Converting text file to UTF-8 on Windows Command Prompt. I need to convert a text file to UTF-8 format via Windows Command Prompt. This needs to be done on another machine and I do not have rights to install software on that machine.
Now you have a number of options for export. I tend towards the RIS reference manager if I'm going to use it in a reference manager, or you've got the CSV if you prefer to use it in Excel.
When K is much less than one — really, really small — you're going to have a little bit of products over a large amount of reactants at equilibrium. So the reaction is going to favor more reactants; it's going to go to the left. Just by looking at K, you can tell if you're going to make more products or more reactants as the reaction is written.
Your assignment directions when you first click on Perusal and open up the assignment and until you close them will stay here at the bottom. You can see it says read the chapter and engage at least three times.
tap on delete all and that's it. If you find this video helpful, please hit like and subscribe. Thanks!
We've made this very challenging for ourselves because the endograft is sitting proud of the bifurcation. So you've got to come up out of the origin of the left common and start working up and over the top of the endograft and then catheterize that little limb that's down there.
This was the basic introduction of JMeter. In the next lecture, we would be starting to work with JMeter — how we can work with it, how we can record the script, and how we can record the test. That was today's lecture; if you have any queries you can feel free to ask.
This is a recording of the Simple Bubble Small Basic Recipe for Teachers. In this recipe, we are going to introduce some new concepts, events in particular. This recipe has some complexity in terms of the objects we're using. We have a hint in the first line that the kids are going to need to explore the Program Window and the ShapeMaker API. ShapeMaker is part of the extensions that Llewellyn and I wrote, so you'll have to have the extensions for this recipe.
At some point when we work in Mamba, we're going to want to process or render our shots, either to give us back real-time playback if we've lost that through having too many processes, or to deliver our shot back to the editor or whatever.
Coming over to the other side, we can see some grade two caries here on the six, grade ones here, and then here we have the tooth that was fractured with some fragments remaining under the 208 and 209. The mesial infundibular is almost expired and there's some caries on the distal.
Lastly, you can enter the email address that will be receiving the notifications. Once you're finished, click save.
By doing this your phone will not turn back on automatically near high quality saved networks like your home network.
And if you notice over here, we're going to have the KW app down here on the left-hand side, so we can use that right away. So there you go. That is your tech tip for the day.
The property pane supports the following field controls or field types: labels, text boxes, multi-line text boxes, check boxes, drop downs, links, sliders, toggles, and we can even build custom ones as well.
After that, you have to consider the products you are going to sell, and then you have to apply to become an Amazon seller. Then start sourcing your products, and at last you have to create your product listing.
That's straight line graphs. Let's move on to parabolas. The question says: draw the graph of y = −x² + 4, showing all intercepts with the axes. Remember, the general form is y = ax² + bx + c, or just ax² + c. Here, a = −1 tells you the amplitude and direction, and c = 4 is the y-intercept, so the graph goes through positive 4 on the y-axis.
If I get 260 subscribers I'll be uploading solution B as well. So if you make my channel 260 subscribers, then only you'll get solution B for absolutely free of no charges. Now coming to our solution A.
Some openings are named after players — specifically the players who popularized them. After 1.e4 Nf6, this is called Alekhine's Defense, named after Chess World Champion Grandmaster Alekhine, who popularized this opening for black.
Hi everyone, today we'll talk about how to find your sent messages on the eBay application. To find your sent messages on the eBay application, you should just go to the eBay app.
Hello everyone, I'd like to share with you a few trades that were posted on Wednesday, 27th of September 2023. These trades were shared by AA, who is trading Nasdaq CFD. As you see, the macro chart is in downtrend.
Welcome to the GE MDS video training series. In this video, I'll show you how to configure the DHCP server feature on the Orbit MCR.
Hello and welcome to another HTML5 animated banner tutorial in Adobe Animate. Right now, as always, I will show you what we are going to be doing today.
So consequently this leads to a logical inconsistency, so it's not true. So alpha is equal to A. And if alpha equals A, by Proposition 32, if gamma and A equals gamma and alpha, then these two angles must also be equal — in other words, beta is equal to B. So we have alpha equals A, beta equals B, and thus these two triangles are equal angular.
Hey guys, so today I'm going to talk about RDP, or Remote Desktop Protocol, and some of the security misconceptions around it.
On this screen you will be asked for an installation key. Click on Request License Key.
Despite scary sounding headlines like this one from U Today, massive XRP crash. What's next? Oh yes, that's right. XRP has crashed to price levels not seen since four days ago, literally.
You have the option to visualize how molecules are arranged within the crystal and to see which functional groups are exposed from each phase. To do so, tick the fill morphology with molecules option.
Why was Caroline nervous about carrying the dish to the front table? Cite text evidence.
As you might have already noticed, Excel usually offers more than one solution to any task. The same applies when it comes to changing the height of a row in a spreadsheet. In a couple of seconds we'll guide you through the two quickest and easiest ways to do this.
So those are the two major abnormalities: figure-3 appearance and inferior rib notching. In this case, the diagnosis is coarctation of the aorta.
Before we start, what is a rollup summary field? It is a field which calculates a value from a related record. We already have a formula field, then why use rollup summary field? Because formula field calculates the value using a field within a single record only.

- [WHAT THE TASK REQUIRES]: Count each line above that has the word "field" in it, and write down nothing but the total.

- [EXERCISE ANSWER]: 2